══ GIVEN MATERIAL ══

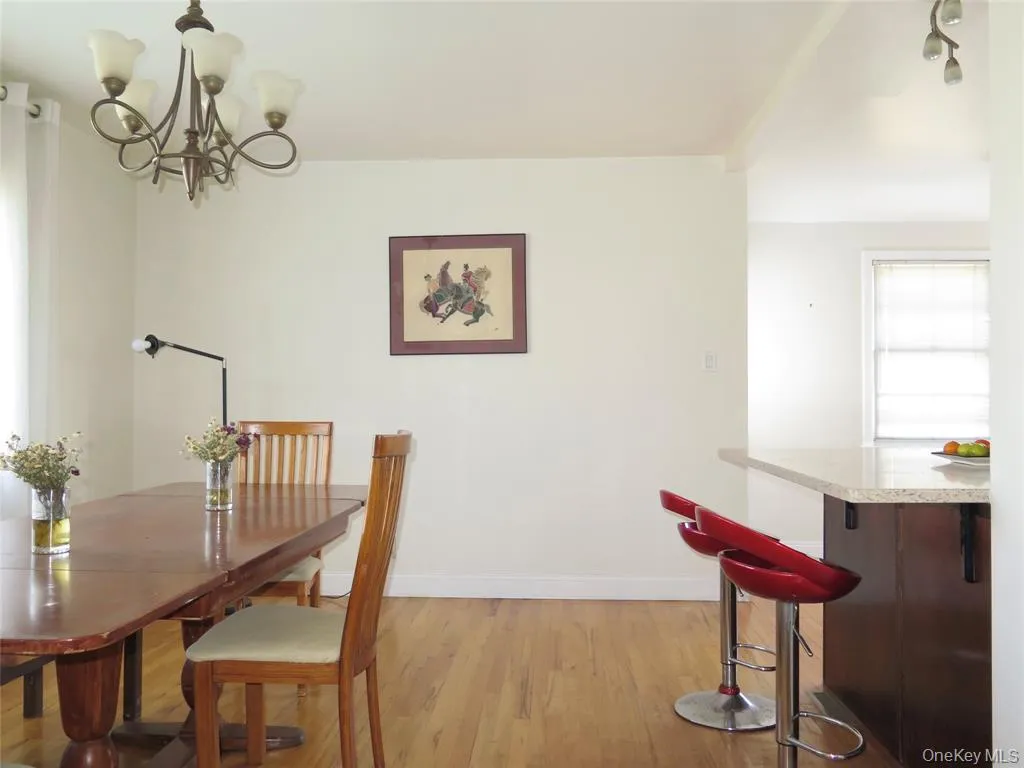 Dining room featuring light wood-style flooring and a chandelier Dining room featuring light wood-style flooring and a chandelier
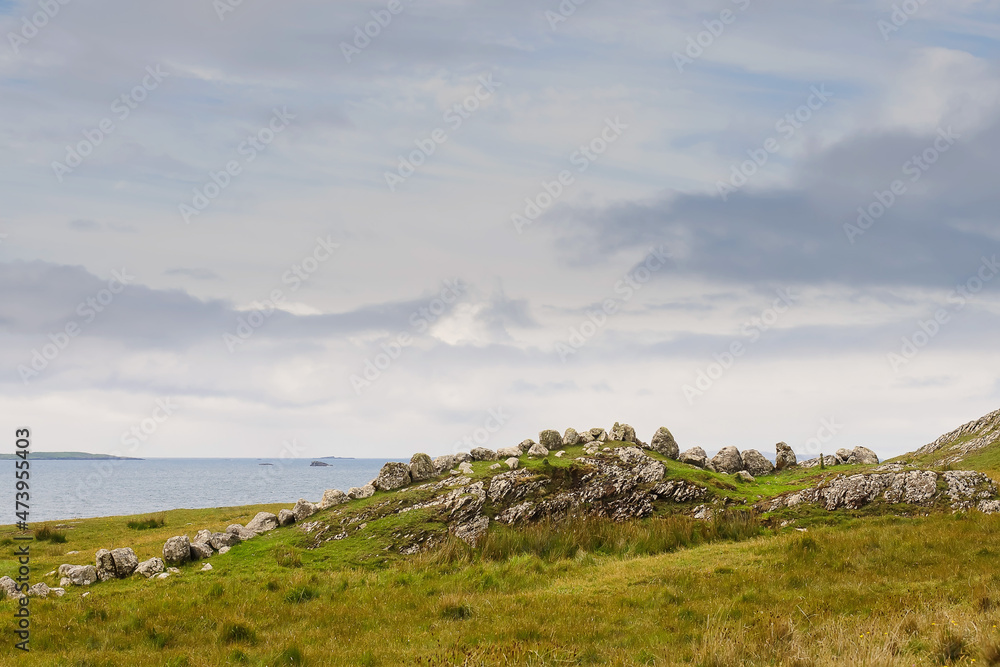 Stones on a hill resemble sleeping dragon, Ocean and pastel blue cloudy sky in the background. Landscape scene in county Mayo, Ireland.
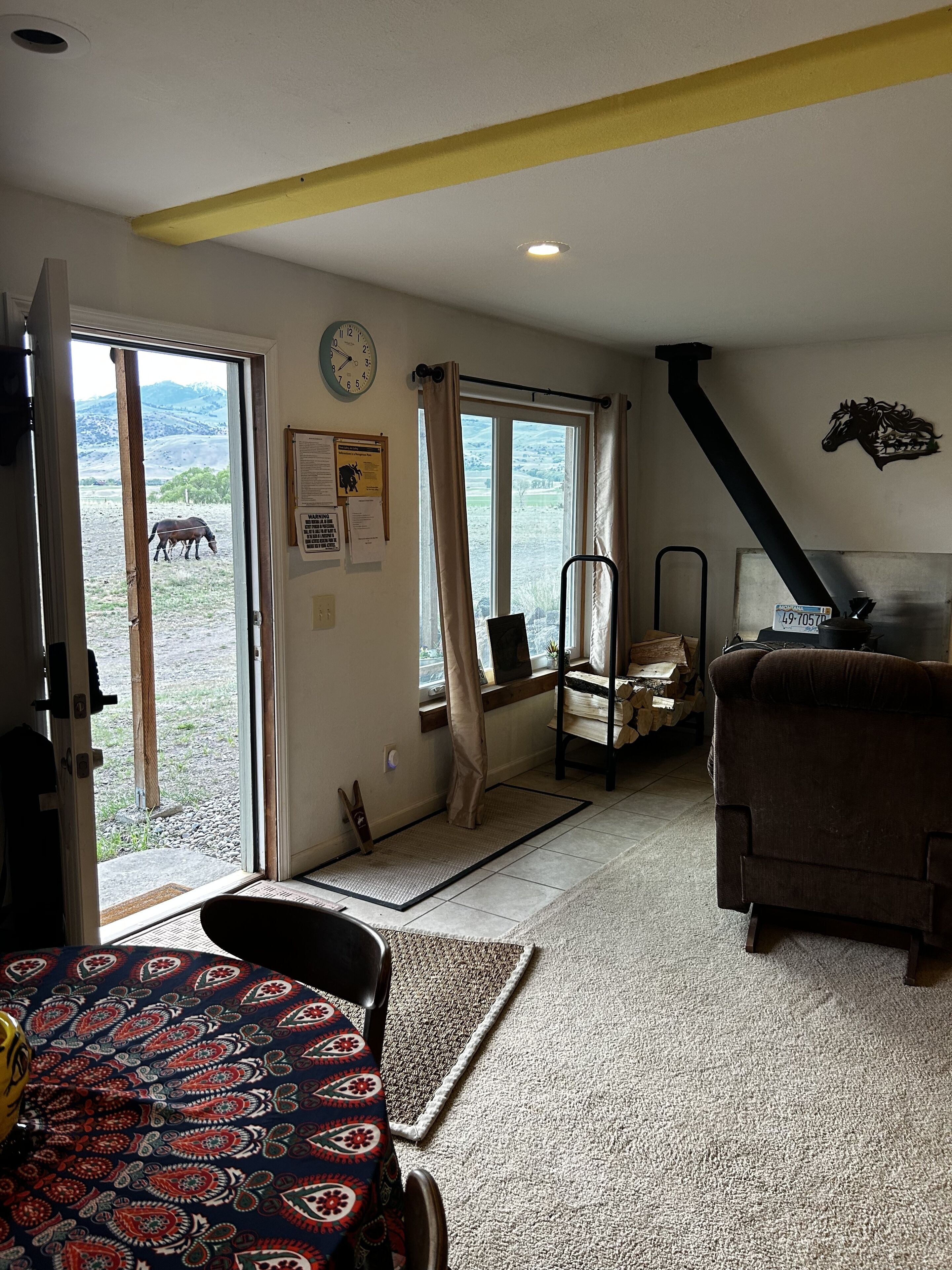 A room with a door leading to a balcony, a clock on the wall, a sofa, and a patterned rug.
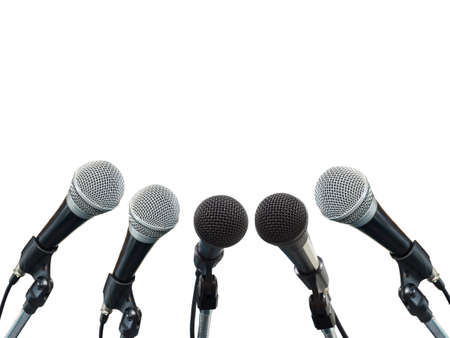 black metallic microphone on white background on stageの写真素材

═══

> [TRY IT]
Leave out the pictures, and retype exactly the lines from the one containing "Stones on a" through the final line of the data.

> [SOLUTION FOR THIS TASK]
 Stones on a hill resemble sleeping dragon, Ocean and pastel blue cloudy sky in the background. Landscape scene in county Mayo, Ireland.
 A room with a door leading to a balcony, a clock on the wall, a sofa, and a patterned rug.
 black metallic microphone on white background on stageの写真素材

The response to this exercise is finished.